Extracted entries START
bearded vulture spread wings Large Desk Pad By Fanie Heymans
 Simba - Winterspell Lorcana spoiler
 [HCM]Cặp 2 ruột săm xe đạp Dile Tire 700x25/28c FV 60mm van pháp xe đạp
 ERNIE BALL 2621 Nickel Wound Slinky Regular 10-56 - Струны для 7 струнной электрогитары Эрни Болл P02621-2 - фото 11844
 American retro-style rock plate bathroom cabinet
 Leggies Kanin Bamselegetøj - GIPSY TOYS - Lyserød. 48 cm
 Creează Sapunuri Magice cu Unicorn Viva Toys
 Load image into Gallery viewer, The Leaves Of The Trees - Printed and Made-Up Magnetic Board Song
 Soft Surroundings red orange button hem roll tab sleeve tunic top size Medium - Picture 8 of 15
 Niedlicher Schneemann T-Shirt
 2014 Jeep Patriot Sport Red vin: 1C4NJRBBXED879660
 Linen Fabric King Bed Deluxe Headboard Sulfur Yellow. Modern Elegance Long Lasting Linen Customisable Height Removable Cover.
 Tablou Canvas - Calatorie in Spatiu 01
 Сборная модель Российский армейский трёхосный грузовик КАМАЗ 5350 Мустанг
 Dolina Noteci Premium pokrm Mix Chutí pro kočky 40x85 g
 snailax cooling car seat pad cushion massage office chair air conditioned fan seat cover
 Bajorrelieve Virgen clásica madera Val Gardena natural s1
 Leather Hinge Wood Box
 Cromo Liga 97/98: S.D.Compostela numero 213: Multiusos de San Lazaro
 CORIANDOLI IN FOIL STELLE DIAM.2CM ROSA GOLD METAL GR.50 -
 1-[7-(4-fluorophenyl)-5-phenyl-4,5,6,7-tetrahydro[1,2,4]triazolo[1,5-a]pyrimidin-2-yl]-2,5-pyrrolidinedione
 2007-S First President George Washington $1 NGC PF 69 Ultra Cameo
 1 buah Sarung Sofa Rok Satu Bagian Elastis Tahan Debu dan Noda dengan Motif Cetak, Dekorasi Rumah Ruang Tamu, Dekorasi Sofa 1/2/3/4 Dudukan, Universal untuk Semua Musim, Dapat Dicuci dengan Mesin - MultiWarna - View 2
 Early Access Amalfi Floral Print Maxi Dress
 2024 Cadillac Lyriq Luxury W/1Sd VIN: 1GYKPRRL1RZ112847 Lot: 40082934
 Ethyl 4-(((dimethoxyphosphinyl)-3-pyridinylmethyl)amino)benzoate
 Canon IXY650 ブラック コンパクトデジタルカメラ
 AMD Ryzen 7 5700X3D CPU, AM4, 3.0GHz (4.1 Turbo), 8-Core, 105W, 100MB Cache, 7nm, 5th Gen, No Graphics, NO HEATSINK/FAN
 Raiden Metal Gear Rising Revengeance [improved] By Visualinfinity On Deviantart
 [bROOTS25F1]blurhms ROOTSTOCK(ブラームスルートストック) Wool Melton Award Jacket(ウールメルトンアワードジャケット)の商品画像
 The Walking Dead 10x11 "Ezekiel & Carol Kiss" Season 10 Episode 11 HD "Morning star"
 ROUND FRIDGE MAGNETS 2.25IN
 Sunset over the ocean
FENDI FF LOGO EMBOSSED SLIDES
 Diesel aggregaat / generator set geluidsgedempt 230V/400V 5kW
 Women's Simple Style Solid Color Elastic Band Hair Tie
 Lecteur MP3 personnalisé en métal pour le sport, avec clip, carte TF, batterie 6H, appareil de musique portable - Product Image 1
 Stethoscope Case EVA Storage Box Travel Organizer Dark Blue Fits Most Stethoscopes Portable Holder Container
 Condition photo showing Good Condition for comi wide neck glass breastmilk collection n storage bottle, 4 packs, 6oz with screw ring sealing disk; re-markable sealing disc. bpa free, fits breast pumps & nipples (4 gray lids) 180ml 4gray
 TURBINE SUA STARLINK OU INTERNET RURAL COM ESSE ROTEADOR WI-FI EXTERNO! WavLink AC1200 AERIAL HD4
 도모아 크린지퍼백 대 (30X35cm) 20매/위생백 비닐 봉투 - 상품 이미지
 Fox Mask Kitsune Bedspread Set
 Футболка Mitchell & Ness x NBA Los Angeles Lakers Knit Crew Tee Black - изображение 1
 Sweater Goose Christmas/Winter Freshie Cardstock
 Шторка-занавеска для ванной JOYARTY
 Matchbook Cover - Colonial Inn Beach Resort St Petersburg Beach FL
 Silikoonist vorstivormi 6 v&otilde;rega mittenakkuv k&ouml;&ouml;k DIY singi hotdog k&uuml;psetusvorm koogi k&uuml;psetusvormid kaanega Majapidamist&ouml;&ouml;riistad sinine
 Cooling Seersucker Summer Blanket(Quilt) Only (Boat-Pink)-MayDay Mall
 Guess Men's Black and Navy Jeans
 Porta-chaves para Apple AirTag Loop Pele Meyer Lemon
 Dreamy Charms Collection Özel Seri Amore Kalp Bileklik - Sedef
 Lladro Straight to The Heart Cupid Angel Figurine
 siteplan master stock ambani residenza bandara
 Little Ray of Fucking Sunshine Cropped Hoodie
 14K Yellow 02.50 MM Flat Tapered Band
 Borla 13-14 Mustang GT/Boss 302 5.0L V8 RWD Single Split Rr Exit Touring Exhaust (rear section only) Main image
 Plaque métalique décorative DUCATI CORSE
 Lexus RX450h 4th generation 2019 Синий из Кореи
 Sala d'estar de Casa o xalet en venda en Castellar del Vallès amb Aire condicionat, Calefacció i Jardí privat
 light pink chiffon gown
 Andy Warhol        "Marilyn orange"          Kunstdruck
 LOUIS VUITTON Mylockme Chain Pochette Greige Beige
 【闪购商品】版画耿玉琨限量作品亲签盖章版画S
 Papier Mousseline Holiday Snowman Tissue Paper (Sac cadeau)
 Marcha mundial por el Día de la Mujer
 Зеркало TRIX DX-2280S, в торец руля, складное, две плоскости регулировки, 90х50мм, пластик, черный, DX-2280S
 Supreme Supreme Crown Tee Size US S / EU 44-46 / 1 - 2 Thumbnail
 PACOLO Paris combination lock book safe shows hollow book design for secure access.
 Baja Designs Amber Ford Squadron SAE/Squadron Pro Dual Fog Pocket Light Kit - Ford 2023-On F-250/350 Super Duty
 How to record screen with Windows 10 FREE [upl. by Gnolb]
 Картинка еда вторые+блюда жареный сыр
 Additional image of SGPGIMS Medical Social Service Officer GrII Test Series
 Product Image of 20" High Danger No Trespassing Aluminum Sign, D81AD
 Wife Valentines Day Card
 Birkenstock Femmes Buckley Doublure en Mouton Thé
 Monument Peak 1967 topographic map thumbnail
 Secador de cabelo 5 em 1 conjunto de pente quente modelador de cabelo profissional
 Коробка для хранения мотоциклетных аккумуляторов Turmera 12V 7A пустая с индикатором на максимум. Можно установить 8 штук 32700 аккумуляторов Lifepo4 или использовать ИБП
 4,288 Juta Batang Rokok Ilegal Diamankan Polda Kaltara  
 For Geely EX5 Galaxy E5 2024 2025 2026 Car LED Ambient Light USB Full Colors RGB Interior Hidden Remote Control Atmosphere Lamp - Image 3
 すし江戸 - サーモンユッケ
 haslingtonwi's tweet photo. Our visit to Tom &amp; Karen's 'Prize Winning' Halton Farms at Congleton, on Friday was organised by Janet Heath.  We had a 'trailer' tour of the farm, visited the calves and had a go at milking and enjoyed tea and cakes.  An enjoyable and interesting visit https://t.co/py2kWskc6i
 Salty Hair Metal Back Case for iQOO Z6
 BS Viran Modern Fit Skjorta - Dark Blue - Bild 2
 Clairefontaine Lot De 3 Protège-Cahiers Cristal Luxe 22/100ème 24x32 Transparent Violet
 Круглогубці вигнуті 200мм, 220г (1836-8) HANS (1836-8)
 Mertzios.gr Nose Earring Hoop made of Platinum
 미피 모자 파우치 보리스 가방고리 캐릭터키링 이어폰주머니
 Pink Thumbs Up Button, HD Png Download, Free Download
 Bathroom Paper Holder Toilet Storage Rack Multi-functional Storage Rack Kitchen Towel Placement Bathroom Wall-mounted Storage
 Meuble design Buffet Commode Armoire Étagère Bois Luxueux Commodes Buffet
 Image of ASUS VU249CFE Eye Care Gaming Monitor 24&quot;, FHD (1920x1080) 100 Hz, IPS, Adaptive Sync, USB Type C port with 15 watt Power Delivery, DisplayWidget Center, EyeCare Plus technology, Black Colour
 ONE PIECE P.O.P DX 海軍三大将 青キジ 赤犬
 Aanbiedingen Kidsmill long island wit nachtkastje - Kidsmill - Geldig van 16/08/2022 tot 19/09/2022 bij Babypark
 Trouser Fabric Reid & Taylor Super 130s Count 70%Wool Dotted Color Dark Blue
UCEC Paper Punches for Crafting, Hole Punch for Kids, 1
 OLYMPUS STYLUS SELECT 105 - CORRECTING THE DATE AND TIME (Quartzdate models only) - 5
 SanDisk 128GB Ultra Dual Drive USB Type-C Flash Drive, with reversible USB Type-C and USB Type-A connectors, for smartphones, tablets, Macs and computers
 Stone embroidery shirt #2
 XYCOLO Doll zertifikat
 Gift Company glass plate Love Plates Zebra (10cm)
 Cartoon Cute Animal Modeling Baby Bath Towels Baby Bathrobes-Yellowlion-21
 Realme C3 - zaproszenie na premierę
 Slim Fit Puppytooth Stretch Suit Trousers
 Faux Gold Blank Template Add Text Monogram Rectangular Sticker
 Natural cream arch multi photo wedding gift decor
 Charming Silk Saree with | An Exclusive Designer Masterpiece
Extracted entries END
Your whole answer should be one number, the count of lines in the records that hold "Black".

3